Adiante descobrimos que Billy Russo, agora um empresário do setor de segurança e Rawlins, são sócios de empreitadas ilícitas


 
Outra questão é a velha temática do stress traumático dos ex-combatentes, um efeito colateral de toda potência hegemônica. Transformam os homens em máquinas de combate, até o dia em apertam as suas mãos em agradecimento e esperam que eles retornem à vida civil sem problemas.

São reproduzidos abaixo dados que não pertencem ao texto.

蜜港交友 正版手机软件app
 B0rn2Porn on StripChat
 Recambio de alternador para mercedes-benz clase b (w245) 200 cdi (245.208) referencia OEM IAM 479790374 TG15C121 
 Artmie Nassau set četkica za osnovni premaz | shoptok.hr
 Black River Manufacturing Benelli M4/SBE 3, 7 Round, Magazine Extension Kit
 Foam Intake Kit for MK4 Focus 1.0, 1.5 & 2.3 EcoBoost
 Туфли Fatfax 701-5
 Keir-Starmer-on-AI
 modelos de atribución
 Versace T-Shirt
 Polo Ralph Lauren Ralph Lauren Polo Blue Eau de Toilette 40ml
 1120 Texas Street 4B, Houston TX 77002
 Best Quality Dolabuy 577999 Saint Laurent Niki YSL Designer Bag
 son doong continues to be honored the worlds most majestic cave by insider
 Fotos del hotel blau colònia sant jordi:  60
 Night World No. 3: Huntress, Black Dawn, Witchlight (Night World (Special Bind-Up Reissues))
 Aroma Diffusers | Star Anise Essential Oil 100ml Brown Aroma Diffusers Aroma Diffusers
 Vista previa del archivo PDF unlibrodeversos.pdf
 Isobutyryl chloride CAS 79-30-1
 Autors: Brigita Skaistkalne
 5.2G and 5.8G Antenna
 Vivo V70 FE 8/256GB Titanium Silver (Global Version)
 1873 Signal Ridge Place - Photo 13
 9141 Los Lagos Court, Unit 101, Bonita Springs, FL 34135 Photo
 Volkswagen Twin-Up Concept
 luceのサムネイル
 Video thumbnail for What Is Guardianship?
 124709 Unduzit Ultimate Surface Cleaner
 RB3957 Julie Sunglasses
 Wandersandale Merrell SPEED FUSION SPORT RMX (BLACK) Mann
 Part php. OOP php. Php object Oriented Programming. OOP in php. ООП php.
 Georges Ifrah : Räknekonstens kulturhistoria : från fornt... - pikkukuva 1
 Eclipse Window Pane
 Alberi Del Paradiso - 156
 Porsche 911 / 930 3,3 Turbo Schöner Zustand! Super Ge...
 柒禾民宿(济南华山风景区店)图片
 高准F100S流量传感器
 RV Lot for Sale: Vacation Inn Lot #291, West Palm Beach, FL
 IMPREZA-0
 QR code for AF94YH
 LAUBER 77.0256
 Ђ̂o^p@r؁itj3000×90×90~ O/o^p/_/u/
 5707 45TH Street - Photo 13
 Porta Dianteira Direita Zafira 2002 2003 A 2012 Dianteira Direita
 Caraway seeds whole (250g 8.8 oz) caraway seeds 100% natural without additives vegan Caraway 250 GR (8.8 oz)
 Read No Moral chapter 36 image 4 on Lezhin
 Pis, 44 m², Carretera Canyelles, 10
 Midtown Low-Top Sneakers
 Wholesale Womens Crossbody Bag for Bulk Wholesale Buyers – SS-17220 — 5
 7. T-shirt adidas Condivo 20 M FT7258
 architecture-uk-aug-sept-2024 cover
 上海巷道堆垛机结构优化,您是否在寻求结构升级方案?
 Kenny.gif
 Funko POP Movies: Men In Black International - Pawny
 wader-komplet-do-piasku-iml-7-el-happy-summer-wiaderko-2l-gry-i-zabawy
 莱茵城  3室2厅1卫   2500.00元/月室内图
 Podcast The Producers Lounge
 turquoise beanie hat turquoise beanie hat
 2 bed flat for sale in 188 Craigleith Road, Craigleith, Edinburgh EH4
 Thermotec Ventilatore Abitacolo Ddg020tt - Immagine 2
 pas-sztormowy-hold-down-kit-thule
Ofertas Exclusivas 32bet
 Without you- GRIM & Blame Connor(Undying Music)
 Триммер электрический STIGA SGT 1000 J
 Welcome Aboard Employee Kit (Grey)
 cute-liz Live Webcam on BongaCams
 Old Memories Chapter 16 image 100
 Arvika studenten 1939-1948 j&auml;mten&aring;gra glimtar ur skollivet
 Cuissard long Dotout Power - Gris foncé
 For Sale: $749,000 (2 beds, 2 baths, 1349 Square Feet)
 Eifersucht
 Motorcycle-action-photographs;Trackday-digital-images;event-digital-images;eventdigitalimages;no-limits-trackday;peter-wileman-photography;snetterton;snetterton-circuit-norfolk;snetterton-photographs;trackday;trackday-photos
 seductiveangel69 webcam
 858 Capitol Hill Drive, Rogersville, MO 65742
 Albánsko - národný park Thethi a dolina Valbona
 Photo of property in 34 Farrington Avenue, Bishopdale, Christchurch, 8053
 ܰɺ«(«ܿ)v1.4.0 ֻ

Lewis é a materialização desta visão das coisas.


Logo Frank mostra o que faz melhor, e voam pedaços de oponentes para todos os lados...



 No cômputo final podemos dizer que sejam mariners, spetznas, ou qualquer outra denominação de combatente a história é sempre assim: Mandam os indivíduos à guerra, eles “fazem o que têm de fazer” e aos sobreviventes, dão a dispensa e “a certeza do dever cumprido” como se tirar o indivíduo da guerra fosse a mesma coisa que tirar a guerra do indivíduo. Guerra é algo viciante como bem demonstrou Kathryn Bigelow em Guerra ao Terror (2008) e seja no Oriente Médio, seja no Harlem ou nas comunidades pacificadas, alguns indivíduos estão atrás da sua dose...
 

No final, Castle ajusta as contas Billy Russo, Rawllins e toda a corja


Frank Castle tem a dor da sua perda, e o vício de sentir a dor da sua perda. Daí a importância de indivíduos como Curtis Hoyle, que o ajuda a encarar seus fantasmas e o vício.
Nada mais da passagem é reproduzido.